Le prélèvement compensatoire, qui n’a pas été examiné par le Conseil constitutionnel à la sortie de la loi, provoque donc de vives inquiétudes, en particulier dans les pays de common law. « Il oblige les ressortissants de ces pays à revoir totalement leur estate planning, c’est-à-dire leur stratégie successorale, en anticipant le cas hypothétique où l’un de leurs enfants déciderait de résider en Europe un jour », alerte Me Soudey, notaire à Gardanne (Groupe EXCEN). Cette réforme risque fort de refroidir de potentiels investisseurs étrangers qui auront tout intérêt, pour des questions de sécurité juridique, à déserter le sol français.

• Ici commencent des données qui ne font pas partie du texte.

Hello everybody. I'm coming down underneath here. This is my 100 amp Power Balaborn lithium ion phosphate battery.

Un risque de contentieux en France

Par ailleurs, il est fort possible qu’au cours d’un litige né suite à une demande de prélèvement compensatoire, le juge considère ce dispositif comme contraire au droit européen et l’écarte. Depuis le 17 août 2015, en effet, un règlement européen prévoit qu’en l’absence de testament, une seule loi sert pour l’ensemble de la succession : celle de l’État dans lequel le défunt avait sa « résidence habituelle lors du décès » (art. 21 du règlement européen n° 650/2012 du 4.7.12). « Le règlement européen pose là un principe d’unité de la loi successoral. Il a été élaboré à l’époque en concertation avec 26 autres pays et il a permis d’instaurer une certaine sécurité juridique, c’est-à-dire une prévisibilité dans ce genre de successions. En morcelant à nouveau le droit applicable, le législateur français balaye unilatéralement ce principe européen et instaure de l’insécurité juridique », dénonce le notaire.

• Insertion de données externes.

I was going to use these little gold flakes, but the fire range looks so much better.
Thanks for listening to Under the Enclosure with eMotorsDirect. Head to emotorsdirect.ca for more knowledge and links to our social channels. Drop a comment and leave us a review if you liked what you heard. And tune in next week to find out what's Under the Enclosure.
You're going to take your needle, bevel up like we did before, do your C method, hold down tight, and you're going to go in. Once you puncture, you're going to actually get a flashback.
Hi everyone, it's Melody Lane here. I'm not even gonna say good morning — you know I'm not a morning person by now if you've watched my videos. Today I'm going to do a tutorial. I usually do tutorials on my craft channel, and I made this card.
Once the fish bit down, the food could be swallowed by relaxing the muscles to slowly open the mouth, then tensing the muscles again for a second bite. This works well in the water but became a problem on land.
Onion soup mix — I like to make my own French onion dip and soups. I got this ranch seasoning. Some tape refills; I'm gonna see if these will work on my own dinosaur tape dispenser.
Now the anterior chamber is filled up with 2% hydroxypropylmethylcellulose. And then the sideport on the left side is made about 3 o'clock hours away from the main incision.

Enfin, un héritier qui aurait intérêt à ce que la réserve héréditaire ne soit pas appliquée ne manquera pas de remettre en cause, devant le juge, la conformité de ce nouveau dispositif à la Constitution. Ce dernier devra alors transmettre cette question prioritaire de constitutionnalité au Conseil constitutionnel. En 2011, cette institution a déjà eu l’occasion de se pencher sur le même mécanisme de prélèvement compensatoire (qui existait depuis 1819 dans notre droit). A l’époque réservé aux héritiers français, il avait alors été jugé contraire au principe d’égalité des citoyens devant la loi et abrogé.